Don't get me wrong, I love my boys; and sometimes I think about the possibility of another baby. But in reality its (60/40) 40% sure I would like another one...but I already have a 10 yr old and 15 mo old!! I personally thought I was done having kids at 30 since I had my 10 yr old well at 20. But now I am 30 with an 15 mo old and 10 yr old boy...and sometimes wonder what it would be like to have two close in age and if it would be unfair for the 10 yr old who is also from a previous marriage.
I have always heard going from 1 to 2 is hard...but not for us with our age gap. Can anyone help shed some light on going from 2 to 3? Or any other advice!
Re: Thinking about going from 2 to 3?
My kids are all fairly close in age but my older brother and I were 2 years apart and we spent a lot of time together as kids. My mom decided she wanted another 7 years after I was born. My younger brother had no one to play with and we couldn't really be bothered with him because we were so much older. I think now looking back that my younger brother did feel left out a lot. But that is opposite of your scenario and it's probably harder for a younger child to understand than an older child. The older child will be looked up to by the young ones and they will think he is the coolest person in the world I'm sure.
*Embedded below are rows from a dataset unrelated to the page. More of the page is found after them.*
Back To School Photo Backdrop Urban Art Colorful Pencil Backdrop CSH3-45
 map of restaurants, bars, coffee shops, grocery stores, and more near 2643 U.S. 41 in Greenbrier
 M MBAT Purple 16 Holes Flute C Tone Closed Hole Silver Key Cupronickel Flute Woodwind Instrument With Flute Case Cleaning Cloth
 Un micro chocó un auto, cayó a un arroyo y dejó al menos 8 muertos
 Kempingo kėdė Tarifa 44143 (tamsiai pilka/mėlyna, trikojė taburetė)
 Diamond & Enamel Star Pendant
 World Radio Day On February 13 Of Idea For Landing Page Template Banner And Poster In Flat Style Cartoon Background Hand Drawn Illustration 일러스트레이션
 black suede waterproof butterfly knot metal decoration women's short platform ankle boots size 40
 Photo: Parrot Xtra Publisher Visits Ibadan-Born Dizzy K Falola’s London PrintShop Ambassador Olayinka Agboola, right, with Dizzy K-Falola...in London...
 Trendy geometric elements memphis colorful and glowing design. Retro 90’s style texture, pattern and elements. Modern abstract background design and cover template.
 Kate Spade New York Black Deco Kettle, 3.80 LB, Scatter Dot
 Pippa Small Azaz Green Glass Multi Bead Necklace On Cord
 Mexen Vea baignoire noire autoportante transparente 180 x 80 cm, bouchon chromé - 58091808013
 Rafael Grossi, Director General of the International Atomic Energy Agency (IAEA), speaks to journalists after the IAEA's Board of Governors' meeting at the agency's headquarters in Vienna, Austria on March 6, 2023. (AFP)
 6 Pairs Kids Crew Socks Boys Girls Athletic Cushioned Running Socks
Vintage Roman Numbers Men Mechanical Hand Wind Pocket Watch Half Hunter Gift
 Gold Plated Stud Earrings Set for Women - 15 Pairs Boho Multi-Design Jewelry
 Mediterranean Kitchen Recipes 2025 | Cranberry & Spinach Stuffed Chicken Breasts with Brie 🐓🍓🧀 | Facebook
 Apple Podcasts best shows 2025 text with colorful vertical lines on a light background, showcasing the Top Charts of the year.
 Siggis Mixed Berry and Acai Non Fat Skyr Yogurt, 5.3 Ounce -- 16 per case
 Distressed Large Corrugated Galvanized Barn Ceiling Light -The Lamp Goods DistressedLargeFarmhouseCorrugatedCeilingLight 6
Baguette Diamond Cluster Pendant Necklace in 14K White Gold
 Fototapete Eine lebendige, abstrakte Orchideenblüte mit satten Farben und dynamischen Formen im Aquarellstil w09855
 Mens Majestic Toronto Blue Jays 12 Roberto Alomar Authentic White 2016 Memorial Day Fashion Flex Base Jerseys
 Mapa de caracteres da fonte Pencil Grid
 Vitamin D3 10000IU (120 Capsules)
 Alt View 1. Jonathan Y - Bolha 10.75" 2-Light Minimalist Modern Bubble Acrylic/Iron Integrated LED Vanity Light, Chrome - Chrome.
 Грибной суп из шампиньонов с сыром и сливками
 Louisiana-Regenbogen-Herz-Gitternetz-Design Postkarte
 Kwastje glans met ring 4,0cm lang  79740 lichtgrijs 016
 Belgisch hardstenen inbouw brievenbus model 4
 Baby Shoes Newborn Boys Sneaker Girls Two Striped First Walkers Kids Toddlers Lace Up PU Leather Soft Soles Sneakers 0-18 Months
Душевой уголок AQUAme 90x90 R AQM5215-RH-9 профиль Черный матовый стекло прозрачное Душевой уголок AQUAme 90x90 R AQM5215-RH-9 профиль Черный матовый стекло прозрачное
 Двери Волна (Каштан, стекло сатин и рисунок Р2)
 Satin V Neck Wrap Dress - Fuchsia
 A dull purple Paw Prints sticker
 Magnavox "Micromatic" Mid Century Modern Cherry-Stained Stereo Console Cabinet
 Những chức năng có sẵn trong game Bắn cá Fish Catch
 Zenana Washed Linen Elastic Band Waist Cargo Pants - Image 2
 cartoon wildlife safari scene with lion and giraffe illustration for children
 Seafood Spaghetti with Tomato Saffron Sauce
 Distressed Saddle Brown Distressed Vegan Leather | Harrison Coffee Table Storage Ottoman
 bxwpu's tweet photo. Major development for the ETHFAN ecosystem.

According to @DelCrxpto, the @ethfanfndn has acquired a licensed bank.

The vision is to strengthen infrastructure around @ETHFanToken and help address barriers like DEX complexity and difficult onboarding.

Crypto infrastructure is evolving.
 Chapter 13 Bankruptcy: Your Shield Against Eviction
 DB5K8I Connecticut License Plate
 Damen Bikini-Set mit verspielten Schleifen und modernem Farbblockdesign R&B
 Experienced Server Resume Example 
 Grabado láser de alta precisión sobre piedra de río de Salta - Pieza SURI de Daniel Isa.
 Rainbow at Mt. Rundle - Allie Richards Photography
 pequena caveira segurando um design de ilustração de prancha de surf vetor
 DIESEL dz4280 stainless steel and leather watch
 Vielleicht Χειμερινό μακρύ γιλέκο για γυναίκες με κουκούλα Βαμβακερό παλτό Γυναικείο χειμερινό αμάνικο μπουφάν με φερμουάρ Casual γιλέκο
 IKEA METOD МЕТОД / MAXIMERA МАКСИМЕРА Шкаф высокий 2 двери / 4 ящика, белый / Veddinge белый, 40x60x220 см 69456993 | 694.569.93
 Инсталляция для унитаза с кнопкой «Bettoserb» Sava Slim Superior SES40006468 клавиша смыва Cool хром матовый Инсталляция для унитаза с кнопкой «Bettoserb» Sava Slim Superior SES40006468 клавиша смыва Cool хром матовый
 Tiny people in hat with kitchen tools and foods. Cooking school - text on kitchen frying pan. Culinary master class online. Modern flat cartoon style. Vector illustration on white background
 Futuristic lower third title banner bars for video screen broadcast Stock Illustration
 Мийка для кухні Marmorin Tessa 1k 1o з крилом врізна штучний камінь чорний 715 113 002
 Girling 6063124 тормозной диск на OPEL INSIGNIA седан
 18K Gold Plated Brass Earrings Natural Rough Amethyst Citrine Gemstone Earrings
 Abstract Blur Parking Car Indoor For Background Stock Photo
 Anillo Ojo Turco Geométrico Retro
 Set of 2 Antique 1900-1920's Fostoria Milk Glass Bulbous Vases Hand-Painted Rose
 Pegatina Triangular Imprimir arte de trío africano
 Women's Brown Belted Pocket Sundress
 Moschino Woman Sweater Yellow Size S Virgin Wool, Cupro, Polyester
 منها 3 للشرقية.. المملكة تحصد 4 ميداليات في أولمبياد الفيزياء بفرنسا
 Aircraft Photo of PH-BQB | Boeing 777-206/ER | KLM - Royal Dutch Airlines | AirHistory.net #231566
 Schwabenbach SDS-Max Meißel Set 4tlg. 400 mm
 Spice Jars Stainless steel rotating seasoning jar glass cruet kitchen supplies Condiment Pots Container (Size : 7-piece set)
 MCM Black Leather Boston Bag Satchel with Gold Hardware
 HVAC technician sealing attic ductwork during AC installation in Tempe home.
I really don't think your 10 year old will care too much.
DD1 is 6 years older than DD2 and will be 8 years older than DD3. However, she lives with us pretty much full time and DD2 and 3 are her "sisters" and not ever thought of as half-sisters even though that's the biological case.
She loves being a big sister though and is excited to have another baby to love. Although she has asked if we love DD2 more than her, those questions have stopped now that the baby is bigger and doesn't need quite as much attention.
As for the change from 2-3, I can't comment on that just yet. I imagine it will be a little harder than 1-2 for me because DD1 was old enough to listen and follow direction when DD2 arrived. I think having a toddler and a new baby will be more difficult.